The ancestral grass karyotype (AGK) was previously reconstructed as a post-ρ AGK with 12 protochromosomes and a pre-ρ AGK with seven protochromosomes by comparing extant species20. Rice was identified as the most slowly evolving species and has 12 chromosomes, most of which closely resemble the post-ρ AGK. Based on the phylogenomic analysis, Triticeae (wheat, barley and rye) and Aveneae (oat) clustered together with Oryzoideae (rice) as an outgroup. We therefore used the rice genome as the ancestral reference and the barley genome as a closely related reference to investigate the chromosomal evolution of oat and to compare it with another allohexaploid cereal species, wheat. We identified 733 and 872 syntenic blocks that included 33,065 and 37,042 orthologous gene pairs from the subgenomes of hexaploid oat based on rice and barely, respectively. (Fig. 2c and Supplementary Table 11). Essentially, the third homologous group of oat and wheat was derived from a single ancient chromosome, AGK1 or Os1, except for the AGK3 or Os3 segment that was translocated to chromosome 3C in A. eriantha.
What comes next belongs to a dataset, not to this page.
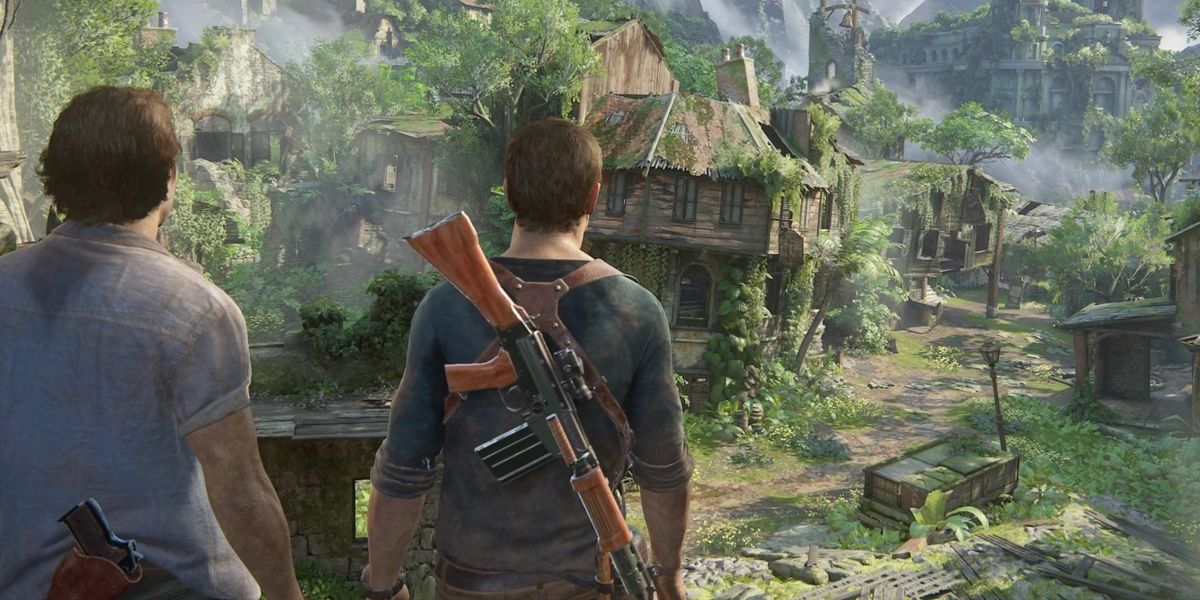 Samuel and Nathan Drake in Uncharted 4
The second group was mainly derived from the insertion of AGK7 or Os7 into AGK4 or Os4, and the remaining five groups were each derived from at least three ancestral chromosomes via complex translocations (Fig. 2c). When the oat assembly was compared with the three subgenomes of common wheat using barley genomes as a reference, a large number of chromosomal rearrangements were identified. For example, although the second homoeologous group of oat and wheat are mainly derived from AGK4 or Os4 and AGK7 or Os7, the arrangement patterns of these two ancestral chromosomes are different.
Polyploidization history and reticulate evolution
Previous phylogenetic studies could not be well distinguish between the A and D subgenomes of Avena, which led to confusion and gave inconsistent results about the origins of hexaploid oat3,4,5,11,21. We have now definitely assigned chromosomes to the A and D subgenomes with the resolution afforded by the complete genome assemblies. Based on this foundation, and to identify the subgenome donors accurately, we resequenced the genomes of 14 Avena species representing different genomic subtypes and ploidy levels (As, Al, Ac, Ad, Cv, Cp, AB and CD). A total of 5,014.96 Gb of genome resequencing data (Supplementary Table 1) were mapped against the A, C and D subgenomes (Methods and Supplementary Table 12). The identity distribution clearly showed that the Al/As diploid species, and the C and D subgenomes of A. insularis have the highest similarities with the A, C and D subgenomes of hexaploid oat, respectively (Fig. 3a). The SNP-based phylogenetic tree of the three subgenomes consistently implies that the species cluster according to the genome subtypes, in which Al and As are the most closely related to the A subgenome of hexaploid oat, whereas none of the extant diploids shows a particularly close relationship with the C and D subgenomes (Fig. 3b). These results are further supported by the phylogenetic analyses of transcriptome data from 11 diploid species (Fig. 3c), suggesting that the A-genome progenitor of hexaploid oat was more likely the ancestor of the Al and As diploids than an extant diploid species, which may be the reason that previous studies22 have considered different A diploids to be the A-genome donors of hexaploid oat.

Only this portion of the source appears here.